-- Data provided follows --
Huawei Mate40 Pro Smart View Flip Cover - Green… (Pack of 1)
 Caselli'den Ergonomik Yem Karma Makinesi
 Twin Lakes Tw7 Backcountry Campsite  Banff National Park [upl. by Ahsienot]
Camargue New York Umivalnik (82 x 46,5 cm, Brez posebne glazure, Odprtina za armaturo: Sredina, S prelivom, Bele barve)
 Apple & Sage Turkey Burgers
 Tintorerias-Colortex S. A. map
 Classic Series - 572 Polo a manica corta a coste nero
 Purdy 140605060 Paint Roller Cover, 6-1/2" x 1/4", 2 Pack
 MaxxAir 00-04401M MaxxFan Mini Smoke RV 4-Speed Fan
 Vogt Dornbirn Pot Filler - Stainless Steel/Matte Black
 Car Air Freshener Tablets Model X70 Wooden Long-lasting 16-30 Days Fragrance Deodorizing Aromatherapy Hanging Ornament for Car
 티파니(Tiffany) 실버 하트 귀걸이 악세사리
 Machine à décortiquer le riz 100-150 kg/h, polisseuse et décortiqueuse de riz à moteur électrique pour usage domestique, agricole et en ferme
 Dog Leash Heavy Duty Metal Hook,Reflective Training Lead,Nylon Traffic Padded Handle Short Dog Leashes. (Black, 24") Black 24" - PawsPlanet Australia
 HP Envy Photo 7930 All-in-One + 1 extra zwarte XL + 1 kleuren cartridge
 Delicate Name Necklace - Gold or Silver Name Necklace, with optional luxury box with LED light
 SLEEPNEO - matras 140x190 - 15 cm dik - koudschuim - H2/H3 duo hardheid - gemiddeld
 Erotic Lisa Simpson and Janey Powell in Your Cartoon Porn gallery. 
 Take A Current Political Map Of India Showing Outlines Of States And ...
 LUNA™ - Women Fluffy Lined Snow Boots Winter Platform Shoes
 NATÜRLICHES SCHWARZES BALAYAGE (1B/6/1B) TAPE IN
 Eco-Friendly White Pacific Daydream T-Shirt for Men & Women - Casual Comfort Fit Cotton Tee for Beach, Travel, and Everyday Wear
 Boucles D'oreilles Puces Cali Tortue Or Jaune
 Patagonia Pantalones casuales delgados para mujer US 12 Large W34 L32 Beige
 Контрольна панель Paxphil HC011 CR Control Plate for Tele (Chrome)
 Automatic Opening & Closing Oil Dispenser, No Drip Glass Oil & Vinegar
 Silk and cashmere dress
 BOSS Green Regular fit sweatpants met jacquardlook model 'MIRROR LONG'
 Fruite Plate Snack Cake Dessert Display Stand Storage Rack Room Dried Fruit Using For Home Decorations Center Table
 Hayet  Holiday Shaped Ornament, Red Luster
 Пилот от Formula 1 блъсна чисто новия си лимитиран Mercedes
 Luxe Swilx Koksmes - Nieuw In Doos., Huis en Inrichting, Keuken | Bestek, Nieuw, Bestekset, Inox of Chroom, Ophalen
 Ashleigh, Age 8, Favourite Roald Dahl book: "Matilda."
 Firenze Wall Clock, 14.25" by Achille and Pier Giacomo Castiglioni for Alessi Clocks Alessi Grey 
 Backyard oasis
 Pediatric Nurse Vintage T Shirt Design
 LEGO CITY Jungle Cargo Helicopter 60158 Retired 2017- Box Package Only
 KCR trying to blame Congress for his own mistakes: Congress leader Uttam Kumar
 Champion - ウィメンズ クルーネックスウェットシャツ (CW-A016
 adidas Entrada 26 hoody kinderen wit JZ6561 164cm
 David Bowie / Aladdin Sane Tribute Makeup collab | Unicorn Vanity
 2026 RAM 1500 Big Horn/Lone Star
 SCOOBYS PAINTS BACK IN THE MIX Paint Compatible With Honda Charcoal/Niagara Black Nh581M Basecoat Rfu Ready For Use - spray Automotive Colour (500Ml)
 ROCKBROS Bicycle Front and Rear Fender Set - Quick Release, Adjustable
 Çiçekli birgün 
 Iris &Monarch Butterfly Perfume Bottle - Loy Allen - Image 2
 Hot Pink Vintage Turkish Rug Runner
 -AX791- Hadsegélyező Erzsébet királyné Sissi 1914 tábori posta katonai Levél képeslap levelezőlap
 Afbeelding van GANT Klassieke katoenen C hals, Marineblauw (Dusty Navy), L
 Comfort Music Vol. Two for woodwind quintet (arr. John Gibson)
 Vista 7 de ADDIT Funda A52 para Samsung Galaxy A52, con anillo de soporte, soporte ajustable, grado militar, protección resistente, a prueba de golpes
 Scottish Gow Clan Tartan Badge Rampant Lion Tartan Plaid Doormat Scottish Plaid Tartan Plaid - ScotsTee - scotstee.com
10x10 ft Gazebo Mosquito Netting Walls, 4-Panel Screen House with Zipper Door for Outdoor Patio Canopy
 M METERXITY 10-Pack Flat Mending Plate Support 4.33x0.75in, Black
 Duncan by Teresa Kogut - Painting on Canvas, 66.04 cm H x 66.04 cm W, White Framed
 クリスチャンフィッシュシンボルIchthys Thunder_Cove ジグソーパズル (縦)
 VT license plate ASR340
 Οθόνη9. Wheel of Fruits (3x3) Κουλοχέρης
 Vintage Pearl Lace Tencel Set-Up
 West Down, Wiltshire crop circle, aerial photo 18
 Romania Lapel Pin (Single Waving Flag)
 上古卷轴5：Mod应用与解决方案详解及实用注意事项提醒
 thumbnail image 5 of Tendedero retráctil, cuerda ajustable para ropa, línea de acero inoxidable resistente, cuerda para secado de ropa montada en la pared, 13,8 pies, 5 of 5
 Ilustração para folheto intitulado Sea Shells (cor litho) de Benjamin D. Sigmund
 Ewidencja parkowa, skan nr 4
-- Data provided concluded --
Exercise aim :: Using the data above, reproduce exactly the lines from the line that contains "Take A Current" through the line that contains "Eco-Friendly White Pacific", including both.

Written answer ::
 Take A Current Political Map Of India Showing Outlines Of States And ...
 LUNA™ - Women Fluffy Lined Snow Boots Winter Platform Shoes
 NATÜRLICHES SCHWARZES BALAYAGE (1B/6/1B) TAPE IN
 Eco-Friendly White Pacific Daydream T-Shirt for Men & Women - Casual Comfort Fit Cotton Tee for Beach, Travel, and Everyday Wear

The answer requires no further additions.